DATA EXCERPTS: Begin

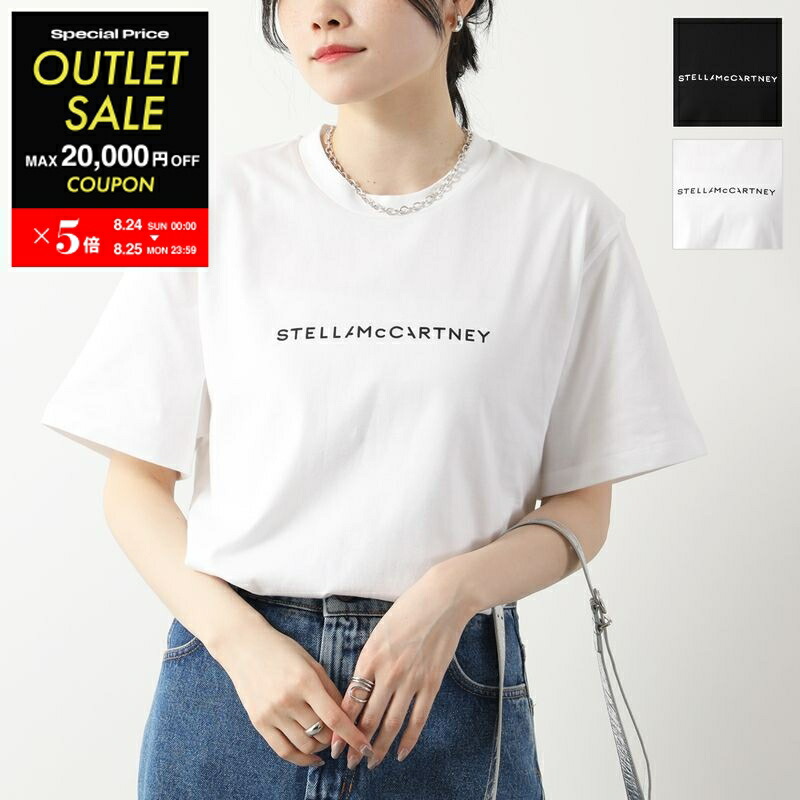 STELLA McCARTNEY チューリップ柄ブラウス4歳 STELLA McCARTNEY チューリップ柄ブラウス4歳 Designer Kids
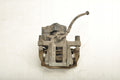 MG ZS II 1.5 BRAKE CALIPER RIGHT REAR SUV 2025 11267192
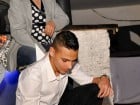 Balul Bobocilor Colegiul Tehnic Traian Vuia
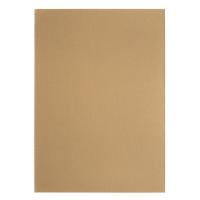 ������ ��� ������� �������� GrafArt, �������, 270 �/�, �4, 50�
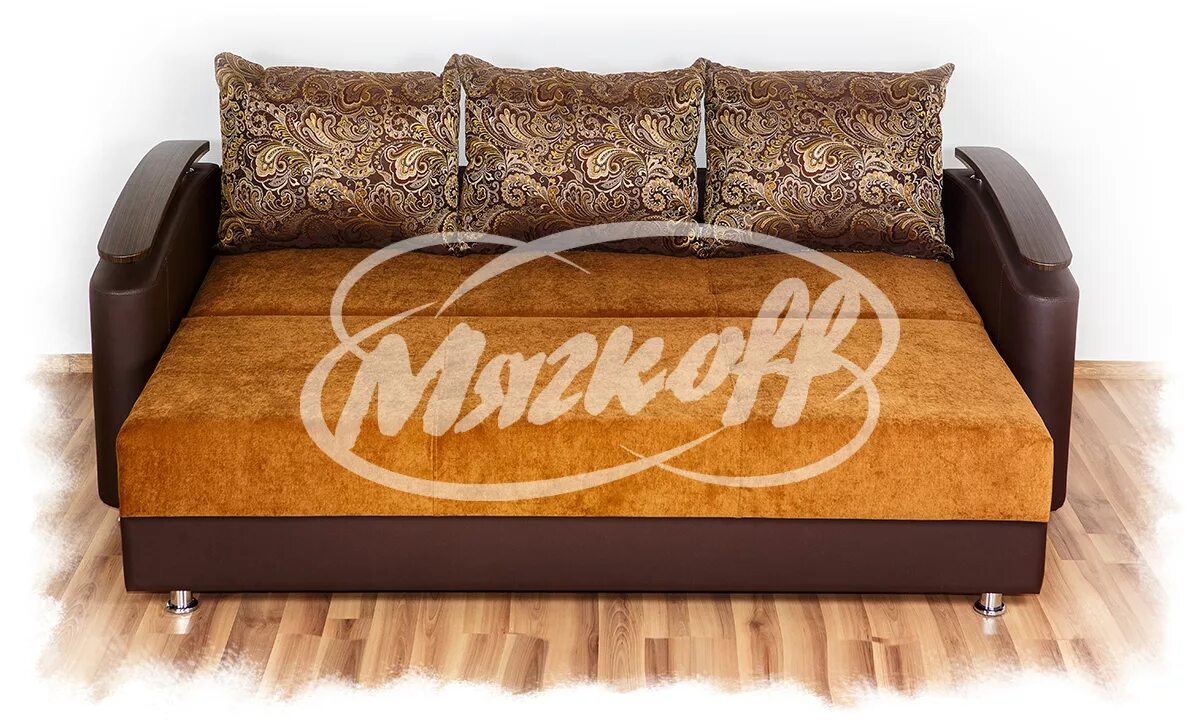 мебель пять комнат орск. пять комнат орск. орская мебельная фабрика. корпусная мебель орск. диваны в пять комнат.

DATA EXCERPTS: End

> **TASK REQUIREMENTS**
Produce an exact copy of only those lines that run from the line with "270 �/�, �4, 50�" to the final line of the records, including both; exclude images.

> **EXERCISE OUTPUT**
 ������ ��� ������� �������� GrafArt, �������, 270 �/�, �4, 50�
 мебель пять комнат орск. пять комнат орск. орская мебельная фабрика. корпусная мебель орск. диваны в пять комнат.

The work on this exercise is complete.